In secondo luogo, lo schermo ospita un video esclusivo, cioè reperibile solo lì (fino a prova contraria), o che comunque svolge un ruolo fortemente legato alla componete fisica del disco, all’oggetto come feticcio ma anche come portale: un “viaggio” in computer grafica inquietante, maestoso, esoterico e metafisico. Questo contenuto non è un videoclip; come sottofondo non c’è neanche un vero e proprio brano, ma un “ambiente” sonoro anch’esso non reperibile in digitale.
Altro fattore determinante: in questo modo l’esperienza del video incorporato precede quasi obbligatoriamente quella dell’ascolto. Il video, infatti, parte in auto-play non appena si apre il cofanetto, attirando la nostra attenzione prima di ogni altro elemento, cd compreso. Ci introduce nel mondo della band, ma soprattutto nel mondo di questo specifico album. Crea nel nostro cervello, e attraverso i nostri sensi, un’ambientazione nella quale la musica e i testi andranno ad incastonarsi, completando l’esperienza.
Ci fa immergere, senza una vera e propria immersività tecnologica. Ci cattura.
C’è qualcosa di magnetico e subliminale, costruito ad arte, nell’incontro tra visual e suono.
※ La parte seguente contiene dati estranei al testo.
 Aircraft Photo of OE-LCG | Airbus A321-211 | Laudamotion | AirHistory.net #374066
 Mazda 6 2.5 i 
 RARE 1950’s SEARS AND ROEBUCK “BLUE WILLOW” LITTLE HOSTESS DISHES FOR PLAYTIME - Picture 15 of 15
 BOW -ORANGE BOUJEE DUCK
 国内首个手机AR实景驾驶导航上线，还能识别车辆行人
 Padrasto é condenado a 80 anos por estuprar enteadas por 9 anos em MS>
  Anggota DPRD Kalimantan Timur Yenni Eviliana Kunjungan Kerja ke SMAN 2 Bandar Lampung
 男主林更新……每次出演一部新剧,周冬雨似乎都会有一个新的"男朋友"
E dunque, possiamo con assoluta certezza attribuire a Fear Inoculum lo status di “opera immersiva”, pur in assenza di visori, di app, di video 360, e al di fuori delle usuali categorie di realtà aumentata, virtuale, estesa e quant’altro.
Il lavoro dei Tool in questo caso è molto più psicologico che tecnologico. È ibrido e in un certo senso retro-futuristico. Ma la finalità è quella che si riconosce tanto alle opere d’arte e di fantasia, quanto ai migliori progetti immersivi: far entrare l’utente in un mondo ricco di immagini, suoni, significati e messaggi. Una dimensione dalla quale si possa captare, percepire o apprendere qualcosa che la realtà quotidiana non riesce a svelare o a far emergere.
Una lezione di comunicazione, a mio modo di vedere, per tutti coloro che talvolta “si perdono” dietro alle prestazioni di software e visori, quando a volte basta uno schermo da 4 pollici. Perché la matrice dell’immersività è sostanzialmente un’accurata e appassionante narrazione, con l’utente al centro.